Nothing but the lines from the one containing "MuXing Waschbecken Set" to the final line of the entries should appear, copied exactly and without pictures.

○ ○ ○ ○ ○ ○ ○

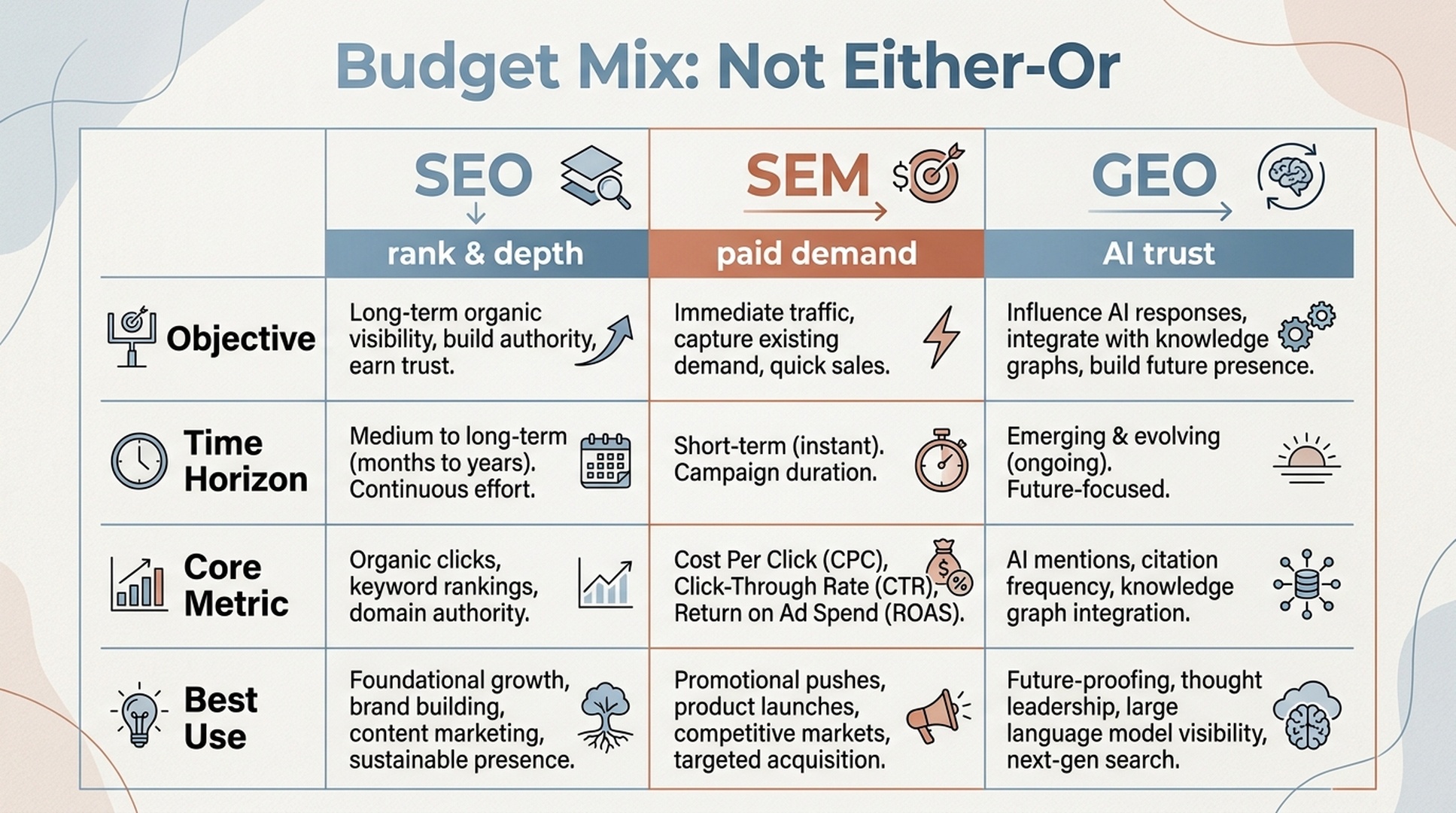 SEO SEM GEO budget matrix
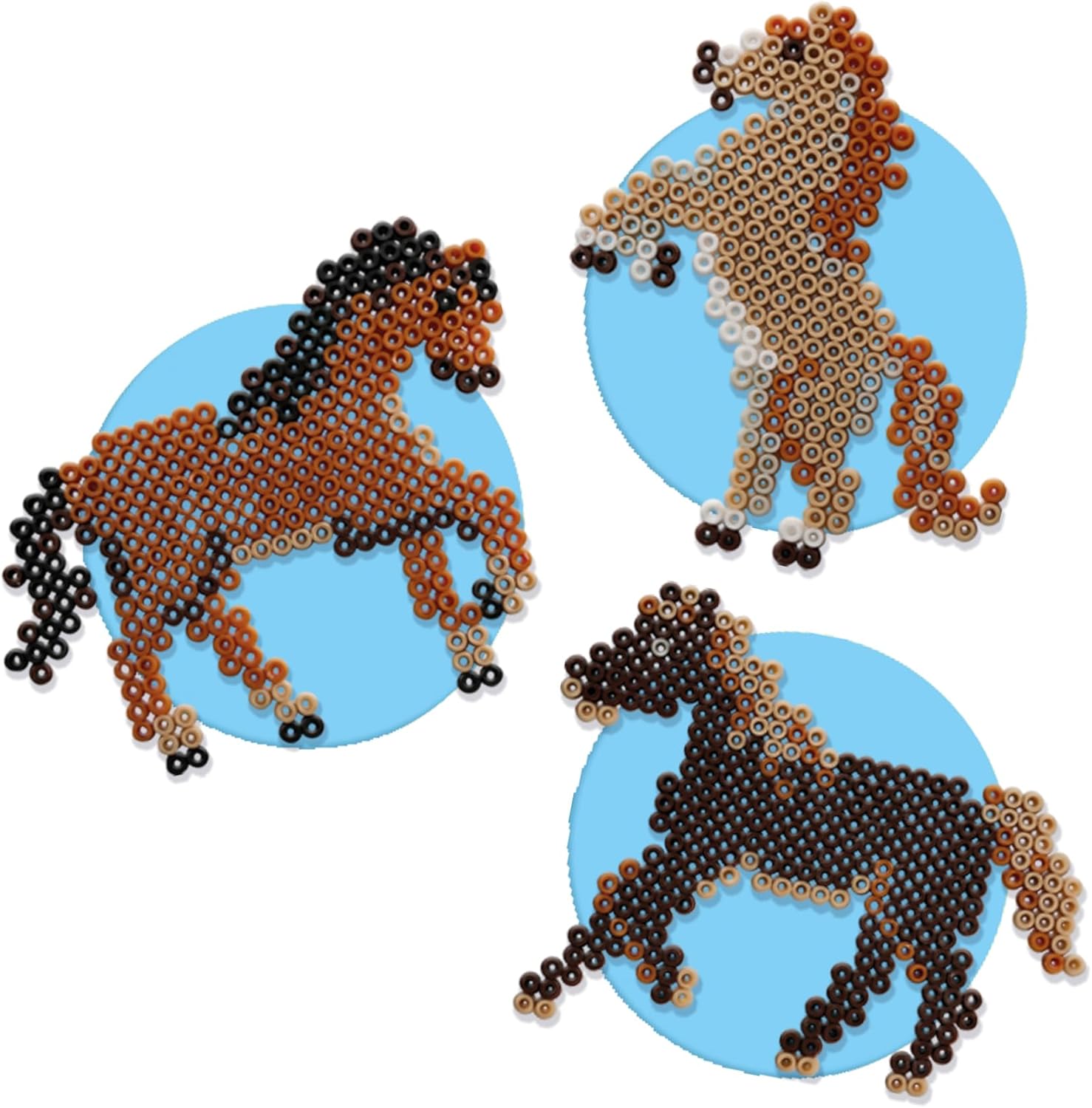 SES Creative 06222 Beedz Create Horses with Ironing Beads - 2100 Clear Plastic Round Beads on Square Pegboard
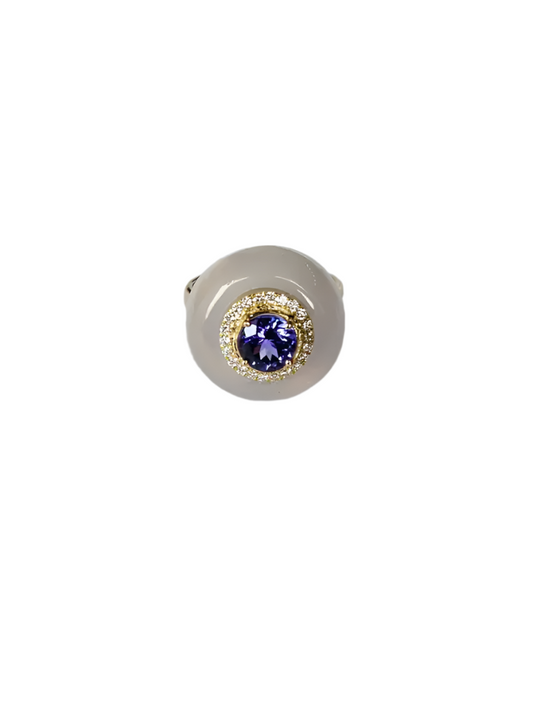 Natural Tanzanite & Chalcedony Gold Ring - 18k Yellow Gold Diamond Cocktail Ring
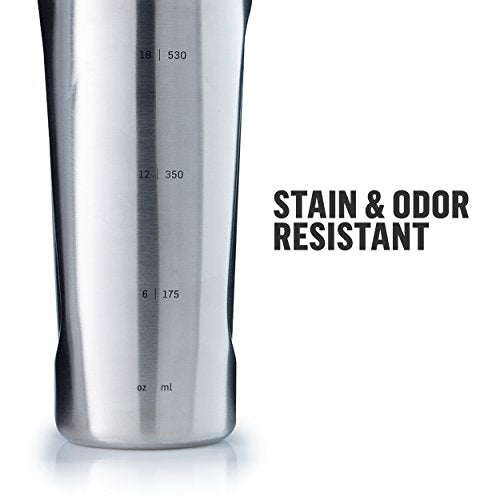 BlenderBottle Radian Shaker Cup Insulated Stainless Steel Water Bottle with Wire Whisk, 26-Ounce, Matte White - color: Matte White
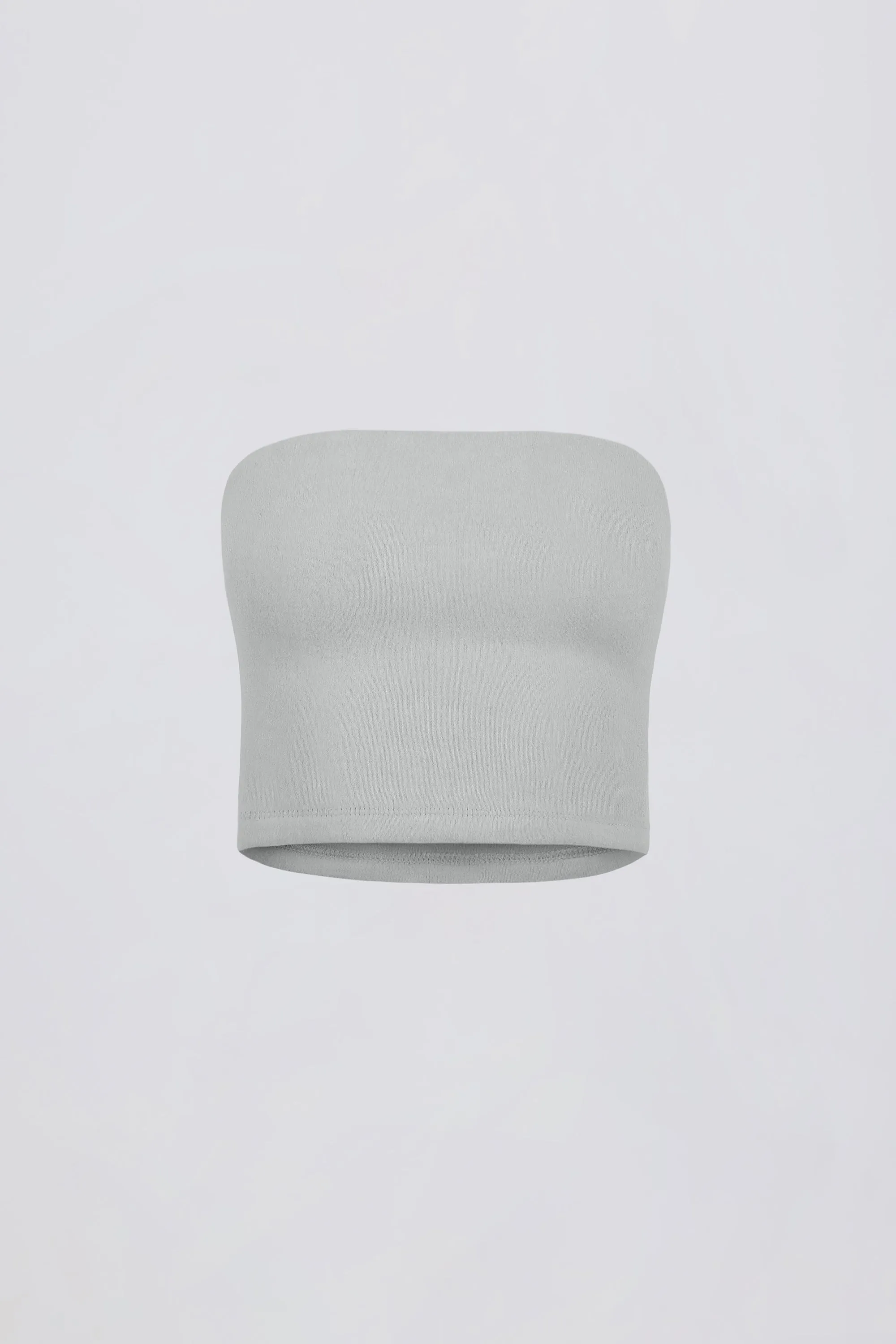 Brushed Jersey Bandeau Top in Fog Grey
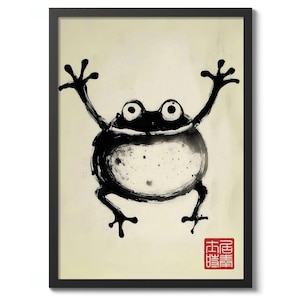 Peut inclure: Dessin à l'encre noir et blanc d'une grenouille les bras levés. La grenouille a de grands yeux et un corps rond. L'œuvre est encadrée dans un cadre noir et comporte un tampon rouge dans le coin inférieur droit.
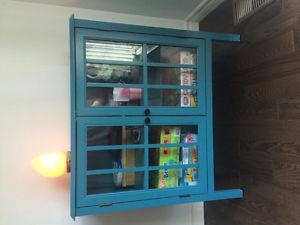 2 Door Teal Accent Cabinet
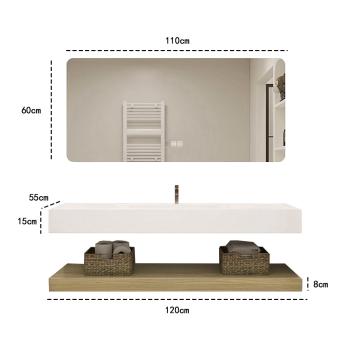 MuXing Waschbecken Set – Keramik-Waschbecken, LED-Spiegel mit Anti-Beschlag, wandhängend, mit Stauraumregal 120×55 cm 【C458】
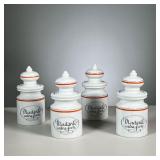(4PC) D’AUTEUIL LIDDED JARS | All of the same size, and with label, “Moutarde extra forte”. - h. 6.7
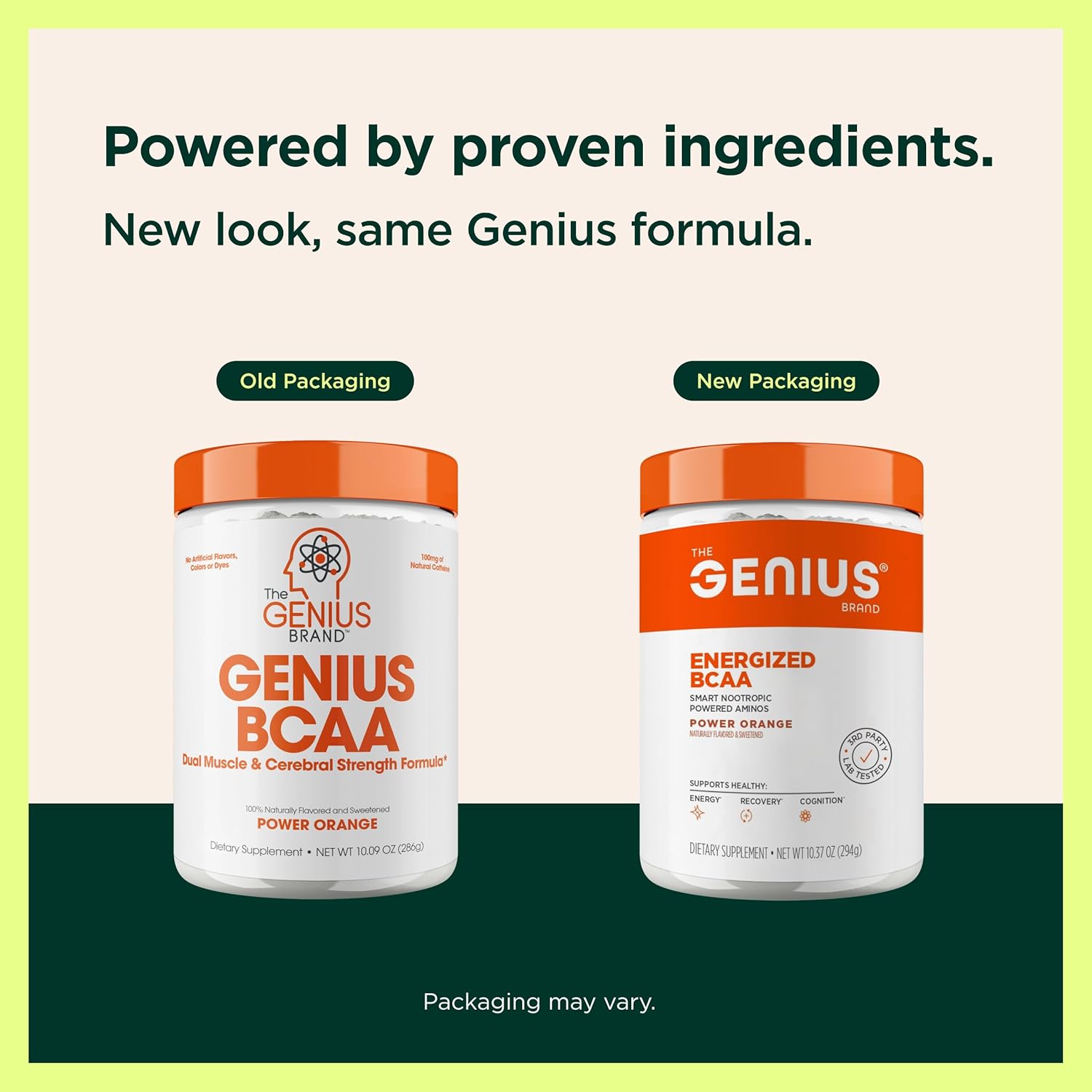 Genius BCAA Powder - 5g Vegan BCAAs L-Glutamine, Cognizin & Rhodiola Muscle Recovery Energy Support 100mg Caffeine Pre, Intra, Post-Workout Nootropic Supplement for Focus & Performance - Orange - Image 4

○ ○ ○ ○ ○ ○ ○

◆ Written solution
 MuXing Waschbecken Set – Keramik-Waschbecken, LED-Spiegel mit Anti-Beschlag, wandhängend, mit Stauraumregal 120×55 cm 【C458】
(4PC) D’AUTEUIL LIDDED JARS | All of the same size, and with label, “Moutarde extra forte”. - h. 6.7
 Genius BCAA Powder - 5g Vegan BCAAs L-Glutamine, Cognizin & Rhodiola Muscle Recovery Energy Support 100mg Caffeine Pre, Intra, Post-Workout Nootropic Supplement for Focus & Performance - Orange - Image 4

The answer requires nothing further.